The break in the case came in May 1991, two months after the shooting, when an 
18-year-old acquaintance of the Larzeleres called police with the location of 
the gun. He told them he'd encased it in concrete, at Virginia Larzelere's 
request, and dumped it in a creek about an hour north of Daytona, and that's 
where authorities found it, according to published reports.

Prosecutors gave him immunity in exchange for his testimony. In the meantime, 
investigators were discovering details about a troubled marriage and Virginia 
Larzelere's promiscuous past, including the suspicious circumstances of her 
first husband's death.

Larzelere was convicted in August 1992. 7 months later, a different jury 
acquitted her son on murder charges. 2 months after that, Larzelere was 
sentenced to die.

Like Larzelere, most of the women who once faced execution now are serving life 
sentences, according to state records.

Since 1926, judges across the state have sentenced 17 women to death. Juries 
found them guilty of killing their husbands, teir employers, people they were 
trying to scam and officers trying to arrest them.

2 of them were executed in 1998 and 2002 — Judy Buenoano, 54, known as the 
Black Widow, for poisoning her husband, and serial killer Aileen Wuornos, 46, 
for killing a Clearwater businessman who had picked her up along Interstate 75. 
Buenoaono's execution in 1998 marked the first time a woman had died in the 
state's electric chair. So far, it's been the last. Wuornos died by lethal 
injection.

3 condemned women remain there still, representing less than 1% of the 341 
inmates on death row as of Sept. 26. Among the rest, 5 were released decades 
ago, 2 died in prison and 5 are serving life sentences, prison records show.

Cheyanne Jessie of Lakeland would be the first on death row for killing her own 
child, if that's to be her fate. During her three-week trial in July, 
prosecutors alleged that she killed her daughter and her father because she saw 
them as impediments to her burgeoning relationship with Matthew Cody Munroe. 
She perceived that her father, Mark Weekly, was critical of Munroe, according 
to testimony, and Munroe had little patience with the bickering between 
Meredith and her mother.

According to trial testimony, Jessie shot each of them in the head, stuffed 
their bodies into separate plastic storage bins and hid them in a shed behind a 
neighbor's house along Drane Field Road, where her father lived.
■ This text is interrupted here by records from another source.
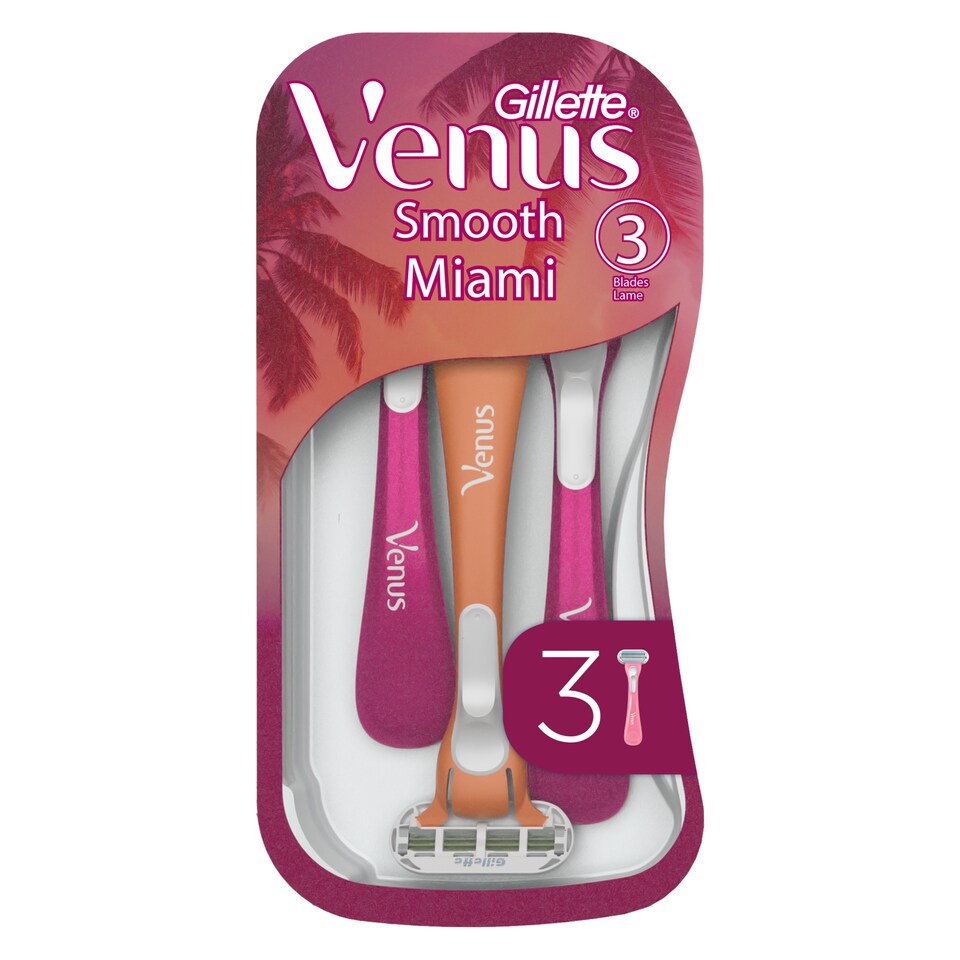 image 1 of Venus Smooth Miami jednorazové holiace strojčeky, balenie 3 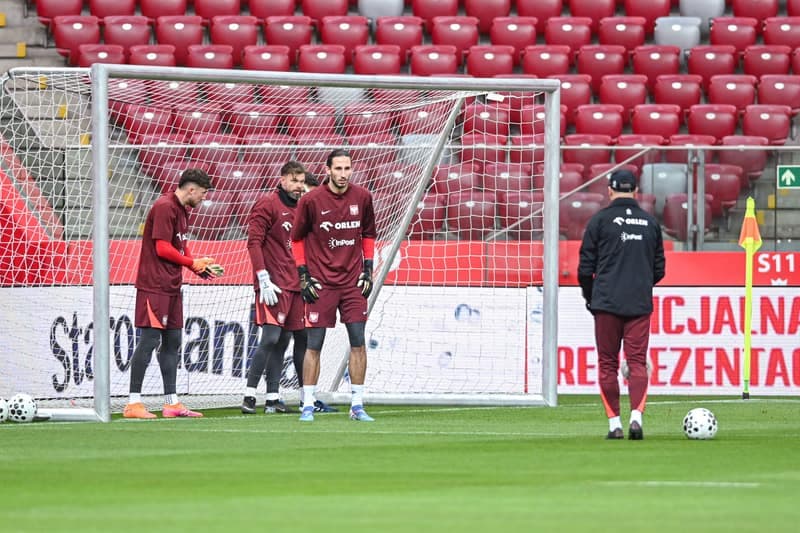 Football. Poland national team. Training. 13.11.2025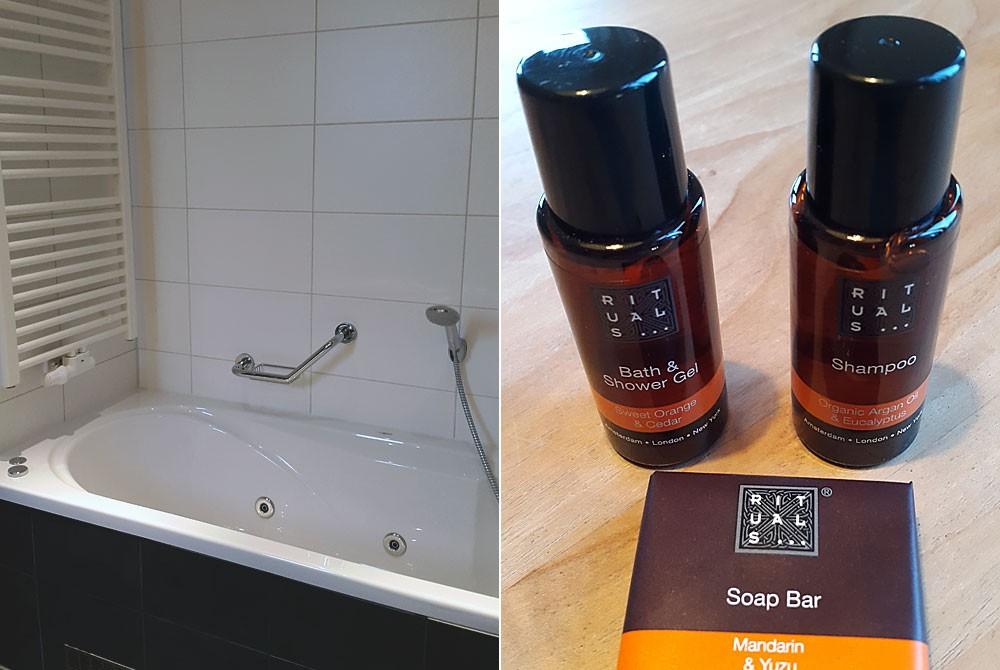 Ligbad in de bungalow, Landal Sluftervallei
Their bodies were found 2 weeks later, in early August 2015, after friends of 
her father told Jessie to report him missing or they would. She eventually 
confessed to killing them and hiding their bodies, according to trial 
testimony. Authorities found a multicolored blanket, pink stuffed dolphin and a 
bag containing 10 pennies with Meredith, who was wearing a pink dress and pink 
and black shirt.

Jurors deliberated over 2 days before convicting Jessie of 1st-degree murder 
and tampering with evidence. The same jurors recommended life for her father's 
murder, but death for Meredith's.

"The vote was actually 10 for life and two for death on Mark," juror Carol-Lee 
Gosline said after the trial. "We took into account that Mark had defensive 
wounds and, according to Cheyanne, they had an argument about Cheyanne wanting 
to give Meredith away — to him, to adoption — and he told her she was 'just 
like her mother.' He pushed her buttons with such a hateful remark, considering 
how abusive her mother was and how she had let others abuse her mentally, 
physically and sexually.

"But Meredith was asleep — innocent and peaceful," Gosline said, "in her pretty 
pink dress, and was stabbed in her neck 4 times and shot."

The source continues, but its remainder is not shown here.